Je ne sais pas si un jour mon travail jouira ou non d’une certaine reconnaissance ou si le contenu de toutes les boîtes de photos qui m’entourent dans le garage aura, ou non, un jour une valeur qui ne sera pas strictement sentimentale pour ceux qui vont me survivre, mais je préfère tout de suite bien élever mes enfants et leur donner ici les lignes directrices de la gestion de ce qu’il restera de mon travail.

Madeleine, Nathan, Adèle, mes enfants chéris.

Ne faites pas commerce du travail de votre père. Donnez libre accès à ce travail. Votre père n’en a jamais vécu et a toujours produit ce travail dans un esprit de gratuité qui n’excluait pas le sérieux, au contraire, bien au contraire. Si ce travail devait un jour intéresser d’autres personnes que vous-même, faites en sorte que ces personnes soient le plus utilement renseignées. Vendez les originaux à un prix équitable — mentionnez toujours que pour les tirages en couleur, c’est votre maman qui a fait les tirages — mais gardez-en une trace documentée et laissez cette trace en libre diffusion. Pour le reste faites au plus juste selon votre jugement en lequel j’ai entièrement confiance.

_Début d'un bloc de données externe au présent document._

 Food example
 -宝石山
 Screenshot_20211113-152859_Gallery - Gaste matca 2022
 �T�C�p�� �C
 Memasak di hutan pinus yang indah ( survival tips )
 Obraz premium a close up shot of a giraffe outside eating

Je ne sais donc pas quels sont les liens de parenté qui existent entre Walter et André Limot ni quelle fut leur relation. Si André Limot a les droits des images de Walter Limot, cela veut sans doute dire qu’il est le légataire de l’oeuvre de Walter Limot. Or je ne trouve pas trace sur internet, en dehors de cette page destinée à vendre des tirages originaux à un prix exhorbitant, de la moindre volonté de faire connaître l’oeuvre de ce photographe. La volonté de la faire fructifier oui, celle de la faire connaître non.

C’est curieux, mais depuis que je fais des recherches sur l’oeuvre de Walter Limot, l’homme me devient très sympathique. Pour une raison qui ne va pas d’elle-même. Walter Limot était un photographe qui tirait lui même ses photographies. Et que d’éducation bourgeoise il choisit le métier de photoraphe jeune, une carrière destinée à l’époque à une plus faible extraction sociale. Et je voudrais lui rendre un hommage que son ayant-droit ne semble pas avisé de lui rendre. Voilà ce que j’ai découvert à propos de Walter Limot.

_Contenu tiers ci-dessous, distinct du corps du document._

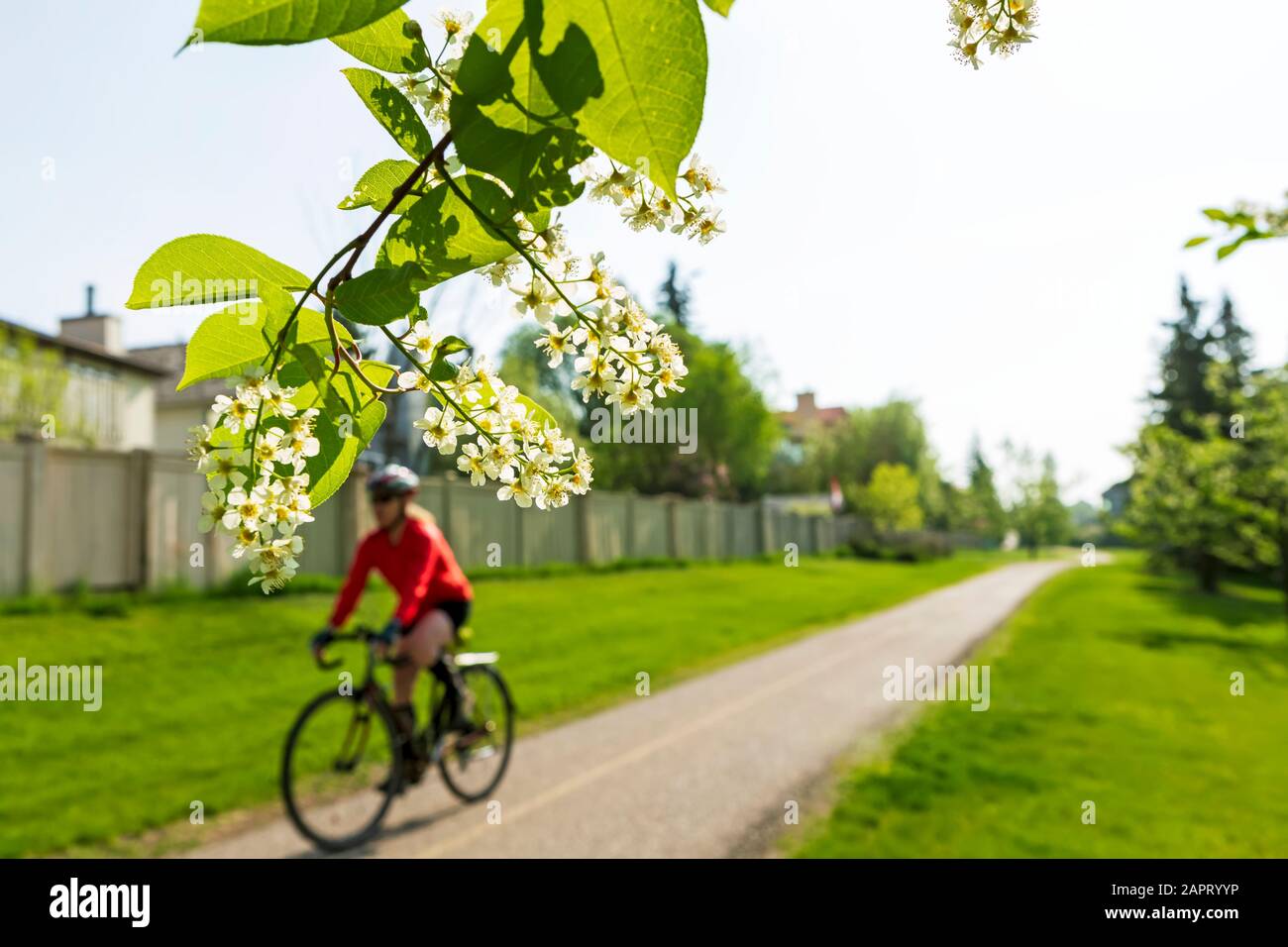Female cyclist along pathway in residental area, with mayday blossoms framing the foreground; Calgary, Alberta, Canada Stock Photo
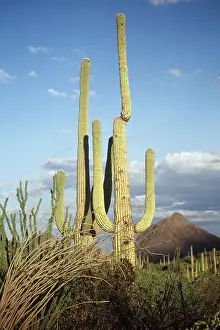 Saguaro: SAGUARO CACTUS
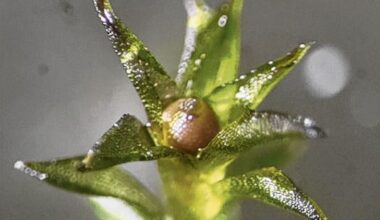 Dit aardmos overleefde negen maanden in de ruimte
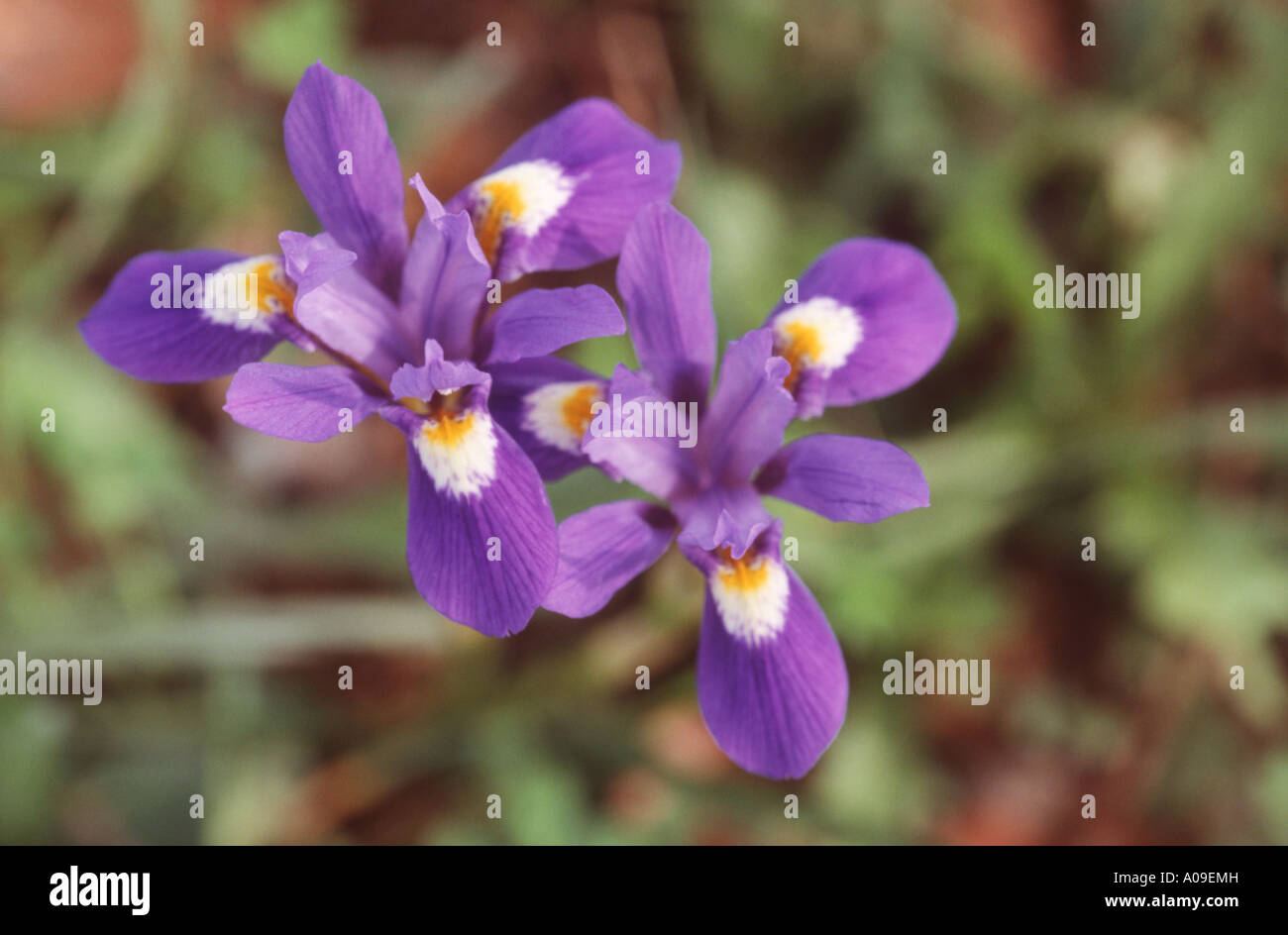 Iris Doppel-Bulbe (Gynandriris Sisyrinchium, Iris Sisyrinchium), blühen, Spanien, Andalusien Stockfoto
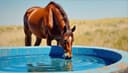 You can lead a horse to water but you can't make it drink — Man kann das Pferd zum Wasser führen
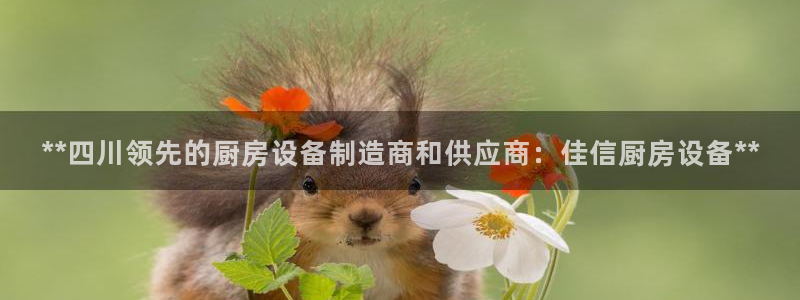尊龙d88官网QU来就送38：**四川领先的厨房设备制造商和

Walter Limot s’appelait en fait Walter Lichtenstein. Il est né en 1902 à Berlin et est mort en 1984 à Paris. D’éducation bourgeoise donc, il aurait profité des absences fréquentes de son père qui vaquait à son commerce urbi et orbi, pour embrasser la carrière de photographe dont il apprit avant tout les savoir-faires du laboratoire.

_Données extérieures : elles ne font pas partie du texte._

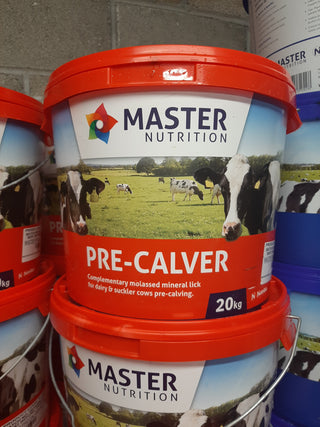 Master PRE-CALVER Mineral block 20kg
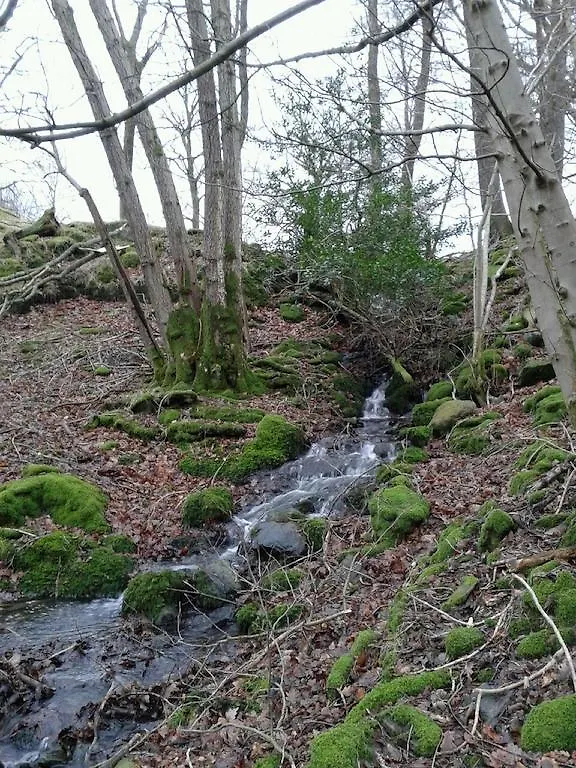 The At High Gregg Hall Farm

Dans les années 20 les photographies de plateau étaient prises par les opérateurs, peu compétents en tant que photographes. En 1922, alors qu’il était jeune laborantin Walter Lichtenstein fut proposé à Ernst Lubitsch, peu satisfait des photographies de ses opérateurs, il fut au contraire très content de celles du jeune Walter Lichtenstein qui devint de facto le premier photographe de plateau du cinéma allemand. Il travaille bientôt pour les grands noms du cinéma d’Outre-Rhin, Oswald, Lamprecht, Bernhardt, Lang, Pabst et Ophuls, il reste cependant peu d’images de cette époque pléthorique.

Avec l’arrivée des Nazis au pouvoir en 1933, il quitte rapidement l’Allemagne pour Paris, où il change de nom, pour s’appeler désormais Walter Limot. En 1934 il devient l’un des tout premiers photographes de l’agence Rapho qui venait de voir le jour en 1933 — curieusement je ne trouve aucune trace de Walter Limot sur le site de Rapho, un conflit d’intérêt sans doute. Ayant gardé contact avec les réalisateurs allemands en exil, il continue de travailler comme photographe de plateau pour Berger, Ophuls, Sidmark, Lang et Litvak, mais il est bientôt très demandé par les réalisateurs français et travaillera avec Allegret, Gremillion, Dreville, Feyder, Clouzot, et Guitry.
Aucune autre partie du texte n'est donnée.